RALEIGH — After more than a year marked with controversy that brought national attention to Wake County's public schools, the system entered a new era Tuesday with the swearing-in of Tony Tata, a former brigadier general and lifelong lover of education.
Tata, 51, becomes the system's eighth superintendent since the merger of city and county schools in the 1970s. He received a warm welcome at the swearing-in, as even board members who had opposed his selection expressed willingness to work with him.
Some who spoke during a public comment period Tuesday, however, still linked the board which picked Tata to negative national publicity - including a harsh parody by comedian Stephen Colbert - which has portrayed Wake as resegregating its schools. But to the Republican majority, having Tata lead the system seemed to be a dream come true.
"As a parent of children that have both graduated from and are currently in the Wake County school system, I simply say thank you," said board Vice Chairwoman Debra Goldman, who also led the committee that picked Tata.
The new superintendent, who spent the past 19 months as chief operating officer of the District of Columbia schools, was sworn in by Judge Douglas McCullough of the state Court of Appeals. The audience included members of the Wake Board of Commissioners, Rep.
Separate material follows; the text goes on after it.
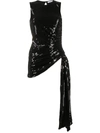 Amen Sequinned Asymmetric-hem Top In Black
Rosa Gill, several Wake County mayors and members of Tata's family.
"We've taken on a large challenge, and we are going to see it through," Tata said, noting that controversy has come in reaction to his less than two years' experience as an executive in education.
Tata's arrival occurs during a protracted and heated discussion about the direction of the growing 143,000-student system.
"I think the noise level has been an indication of how much people in Wake County care about education," Tata said.
Praise from a student
He received kudos from the officials and an early positive verdict from an Enloe High School student.
"His speech impressed me, and I am excited that he is passionate about our school system and that he cares and is intelligent," said Enloe sophomore Lauren Frey, 15.
Board member John Tedesco, who has provided much of the energy for the board's transformational approach, called it "an honor and a bit of a humbling experience for you to join our ranks."
But John Little, a retired history professor, warned Tata that the board's policy of embracing neighborhood schools would lead to resegregation.
"Do we really want to retreat to that?" Little asked. "The affluent schools will probably fare OK, but at great cost."
Gill, a former Wake school board member, joined other supporters of the old diversity policy in praising Tata now that he's on the job.
"If he can do what he says and raise academic achievement, we can move forward here in Wake County," Gill said.
In his first week on the job, Tata faces a projected $100 million budget shortfall, separate investigations by federal investigators and an international accrediting agency, and interlocking questions about what to do about busing, student assignment, magnet schools and the clustering of high-poverty populations at some inner-city schools. The 28-year military veteran said he's ready.
"I will make the tough decisions that this position demands," Tata said.